17 February 2013
Bullhead was Belgium’s official entry for the Best Foreign Language film Academy Award last year. It made the shortlist but eventually lost to the far superior A Separation from Iran. It is a decent drama that boasts an incredible central performance by Rust and Bone’s Matthias Schoenaerts. For a feature debut, you could do a lot worse than this.
Yet it feels like so much is crammed into a sizeable 2-hours-and-change running time. Schoenaerts plays Jacky, the eldest of the Flemish-speaking Vanmarsenille boys, who run a cattle farm in Wallonia. We first meet him intimidating a fellow farmer to sell his bulls only to the Vanmarsenille family. Jacky is a brutal force of nature - built of muscle and bad temper. Schoenaerts reportedly gained 27kg to get the effect. He is less than subtly the bullhead of the title. When he speaks, it comes out in short bursts, accentuated with gasps and loud exhalations. you can almost see smoke coming out of his nostrils.
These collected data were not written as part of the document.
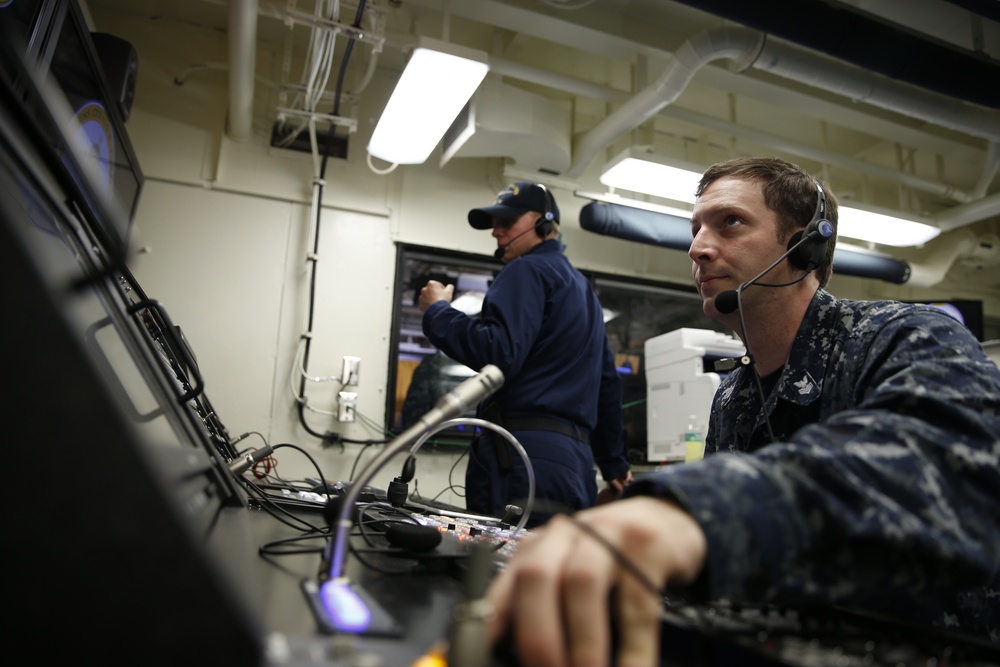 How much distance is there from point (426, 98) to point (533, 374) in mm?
1571

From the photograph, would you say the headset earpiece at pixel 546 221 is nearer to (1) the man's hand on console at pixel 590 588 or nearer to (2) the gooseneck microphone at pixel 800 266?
(2) the gooseneck microphone at pixel 800 266

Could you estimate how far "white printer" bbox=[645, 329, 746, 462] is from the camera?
3254 millimetres

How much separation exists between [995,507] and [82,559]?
0.66 meters

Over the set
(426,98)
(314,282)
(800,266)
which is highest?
(426,98)

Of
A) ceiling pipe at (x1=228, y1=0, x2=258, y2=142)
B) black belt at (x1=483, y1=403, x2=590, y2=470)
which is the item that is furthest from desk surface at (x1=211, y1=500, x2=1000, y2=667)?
ceiling pipe at (x1=228, y1=0, x2=258, y2=142)

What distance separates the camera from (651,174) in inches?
135

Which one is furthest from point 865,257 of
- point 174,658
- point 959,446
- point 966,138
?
point 174,658

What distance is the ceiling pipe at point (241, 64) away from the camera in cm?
247

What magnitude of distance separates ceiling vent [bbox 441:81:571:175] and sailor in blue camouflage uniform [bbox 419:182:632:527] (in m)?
1.41

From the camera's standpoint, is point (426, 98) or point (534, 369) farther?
point (426, 98)

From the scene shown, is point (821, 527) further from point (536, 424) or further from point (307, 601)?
point (536, 424)

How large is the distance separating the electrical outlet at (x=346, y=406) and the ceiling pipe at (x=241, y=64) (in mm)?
1545

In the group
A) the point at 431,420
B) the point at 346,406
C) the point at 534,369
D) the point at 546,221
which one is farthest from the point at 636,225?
the point at 431,420

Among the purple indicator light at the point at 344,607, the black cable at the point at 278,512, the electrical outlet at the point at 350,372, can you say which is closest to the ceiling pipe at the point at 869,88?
the electrical outlet at the point at 350,372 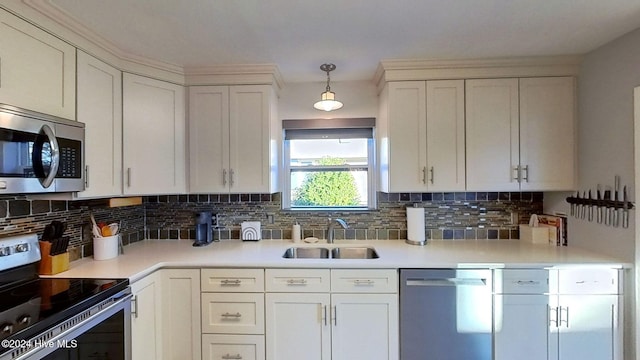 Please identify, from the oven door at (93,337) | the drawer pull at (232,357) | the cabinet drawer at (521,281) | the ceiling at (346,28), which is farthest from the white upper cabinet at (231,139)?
the cabinet drawer at (521,281)

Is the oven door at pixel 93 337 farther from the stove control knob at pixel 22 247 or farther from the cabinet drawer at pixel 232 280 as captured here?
the stove control knob at pixel 22 247

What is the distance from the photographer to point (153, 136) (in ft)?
7.50

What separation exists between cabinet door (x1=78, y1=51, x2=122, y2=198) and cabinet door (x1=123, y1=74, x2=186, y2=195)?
2.3 inches

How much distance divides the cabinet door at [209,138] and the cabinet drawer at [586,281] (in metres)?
2.29

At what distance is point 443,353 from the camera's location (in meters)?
1.97

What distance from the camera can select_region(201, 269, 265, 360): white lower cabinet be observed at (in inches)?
80.3

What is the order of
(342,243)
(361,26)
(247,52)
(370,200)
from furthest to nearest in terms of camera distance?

He doesn’t feel comfortable in his skin and he is unable to concentrate on anything for more than a few minutes before unleashing his formidable force on something or someone.
He is reluctant to engage in starting a business partnership with a well-known Flemish right-wing mafia to control the animal hormone business, but his family is in insistent that it will be beneficial for their farm. Unlucky for him, the mafia have just executed the top police officer in the country dealing with the hormone mafia. When police takes a whiff of this potential partnership, he unwittingly finds himself in the middle of a massive police investigation.
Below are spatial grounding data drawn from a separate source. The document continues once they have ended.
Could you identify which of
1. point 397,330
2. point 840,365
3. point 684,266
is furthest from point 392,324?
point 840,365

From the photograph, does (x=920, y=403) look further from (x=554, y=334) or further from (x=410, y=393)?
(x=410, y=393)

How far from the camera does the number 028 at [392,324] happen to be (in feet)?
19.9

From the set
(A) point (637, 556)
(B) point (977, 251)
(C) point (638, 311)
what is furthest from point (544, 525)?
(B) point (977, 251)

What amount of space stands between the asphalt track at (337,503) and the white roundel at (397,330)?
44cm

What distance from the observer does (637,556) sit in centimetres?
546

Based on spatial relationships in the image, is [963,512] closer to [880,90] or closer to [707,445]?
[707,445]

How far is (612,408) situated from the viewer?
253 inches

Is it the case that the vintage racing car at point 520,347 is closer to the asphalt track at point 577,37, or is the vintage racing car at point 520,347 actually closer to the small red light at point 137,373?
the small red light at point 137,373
There is enough drama for an edge-of-your-seat thriller there, but writer-director Michaël R. Roskam opts for a little bit more, which pays off in an uneven fashion. Jacky is haunted by a gruesome childhood ‘accident’, which rears its ugly head wherever he turns. The coincidental involvement of his childhood friend with the hormone mafia only serves as a weak connection between his inner turmoil and the external one he will find himself in.
Personally, I found Jacky’s inner drama far more compelling than the hormone mafia storyline, which gets overly melodramatic and downright nonsensical towards the end. In fact the last 20 minutes or so completely undermines all Roskam have done up to that point. The childhood trauma, which I cannot give away for fear of spoiling it, is truly a unique and perplexing conflict - one which could have played out in many different ways. I think Roskam should have picked a far less interesting backstory to get insight into his characters than this.
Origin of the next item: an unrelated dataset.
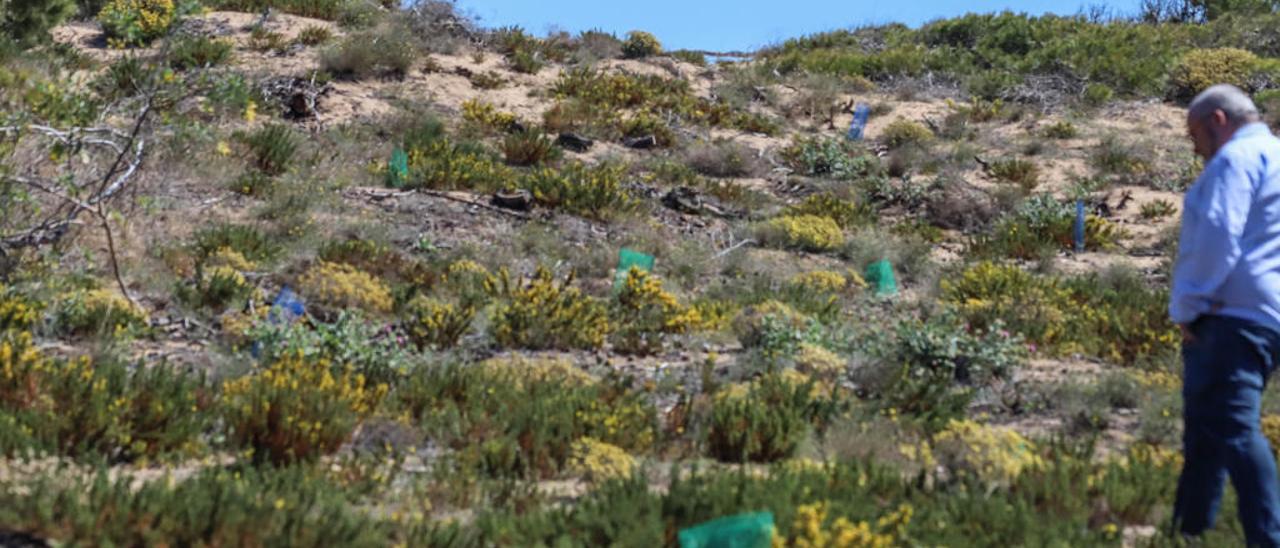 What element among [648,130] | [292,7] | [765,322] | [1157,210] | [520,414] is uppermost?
[292,7]

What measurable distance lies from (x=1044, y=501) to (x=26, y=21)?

Roskam also points at the rather jaded relationship between the French-speaking Walloons and the Flemish-speakers, but all that tension only appears on the surface - so much more could have been done to reflect that in the actual drama without resorting to bland racial slurs.
Overall it is good film with some very memorable performances. Roskam’s feature debut points to a director who won’t shy away from big questions, but I think he should tackle them one by one rather than wholesale.